As the year begins, I find myself on a roll with my reading goals! And second up (because this wasn’t the first book of the year), I decided to finally read Queen of Shadows by SJ Maas. In terms of series, Throne of Glass has been my latest addiction and I was super glad to finally get my paws on this fourth book! To check out my semi-coherent rant on the first three books click here.
Picking up where Book 3 left off, Queen of Shadows has the King’s Champion returning to Rifthold as Aelin Galathynius, Queen of Terrasen. Having finally embraced her past and trained her embers, Aelin must now fight to protect her kingdom’s trapped people and her loved ones from the tyranny and death surrounding the glass castle.
Out of the whole series and novellas, this is probably my least favorite and favorite book of the series. Let’s start with characters.
Many of the characters aren’t what we remember them to be, and I don’t mean this in a good way.
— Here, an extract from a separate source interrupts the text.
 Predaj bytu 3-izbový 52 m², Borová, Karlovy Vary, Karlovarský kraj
Since the beginning, I’ve always had a slight admiration and jealousy of Celaena because she can be really self-sufficient and goes forth with what she believes. There were a few times when I thought she was a bit overly emotional but I also liked that about her. It made her feel grounded and relatable to me.
In this book, however, that admiration went down so much I was surprised. Instead of thinking about how amazing she is, I couldn’t help but feel she was extremely bratty and almost demeaning.
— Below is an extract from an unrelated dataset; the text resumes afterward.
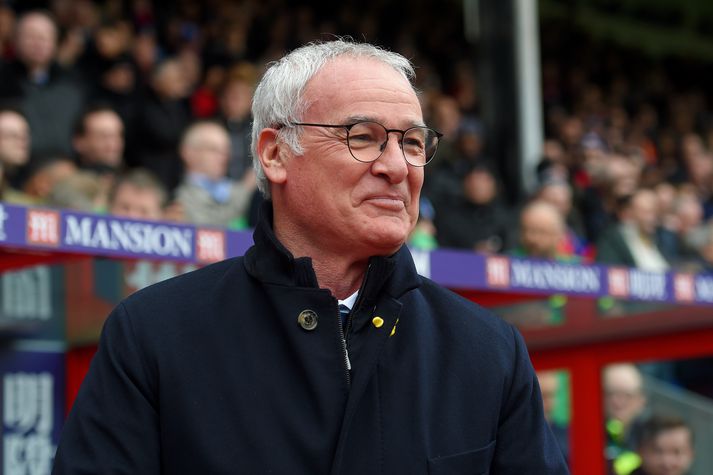 Ranieri gat leyft sér að brosa í dag, eins og marga aðra daga í vetur.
Demeaning in the sense that she’s putting down her old self, the one named Celaena, and almost placing Aelin on a pedestal. I understand that she’s gone through so many things and learned so much about herself, but it just really frustrates me that she calls her ‘old self’ nothing but a child. Almost dismissing all of the experiences she’s gone through to get to who she is now. Along with this is her temporary change to Celaena, which I thought was very harsh, portraying her as someone who didn’t care for the lives of others.
If I remember correctly, Celaena did help free slaves and she loved like every teenager out there, which means she wasn’t a monster like Aelin claimed she was.
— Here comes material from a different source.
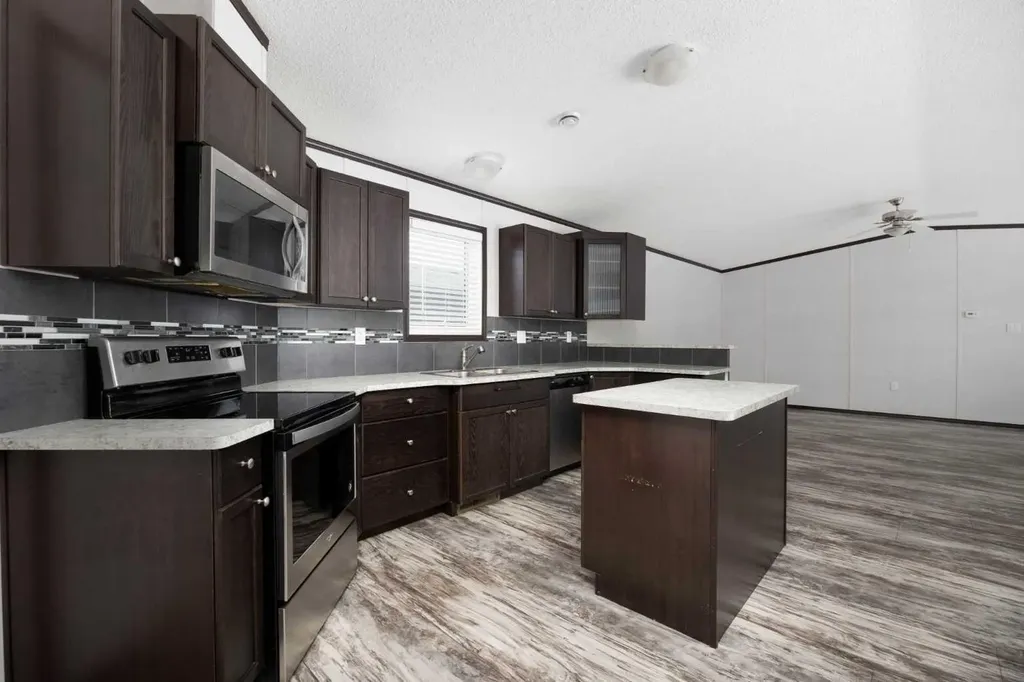 725 Beacon Hill Drive Fort Mcmurray AB T9H 2P6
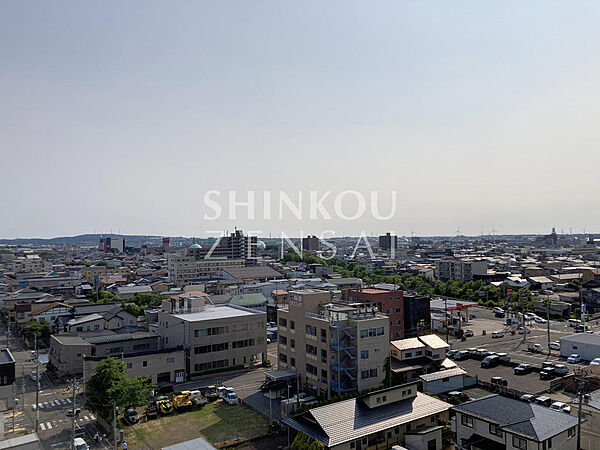 apartment 秋田県秋田市南通亀の町7-32
地図を見る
Celaena is not the only character that I felt had a major change in this book. We also have Chaol who was demoted from main character to minor character, which would have been fine except that his character is completely butchered. Gone is the honorable Captain. We also have Dorian who is trapped but still appears every few chapters though honestly, I’d say he could have been omitted since he didn’t contribute anything.
The witches were really cool and I hope we get a lot more of that in the next book!
In Heir of Fire we started getting some insight into the Blackbeak Witches and what their purpose was (army). I actually wasn’t too excited about their POV and often got bored in those moments. Here though, we have more of Manon (the Wingleader) and what she’s up to. We learn that she’s not just following orders like a puppet and as she begins to find out more about the Valg, I feel more inclined to like her. The way she protects her family (witches, the 13) as best she can while still following orders is really tricky and I hope things work out well for her and Asterin!
Along with these two we have the cowardly Elide who I was initially skeptical about. A crippled maid who was sent to Manon, Elide is starting to really be an important part of the story. Out of the whole book I think it was her that really impressed me. I’m wondering how she’ll find Celaena if Aelin no longer goes by that name (and she doesn’t know they’re the same person).
I’d say more but then I’d worry about spoilers, haha
Plot: Too many things felt too convenient and easy, however, I’m glad we’re finally moving in the direction of war.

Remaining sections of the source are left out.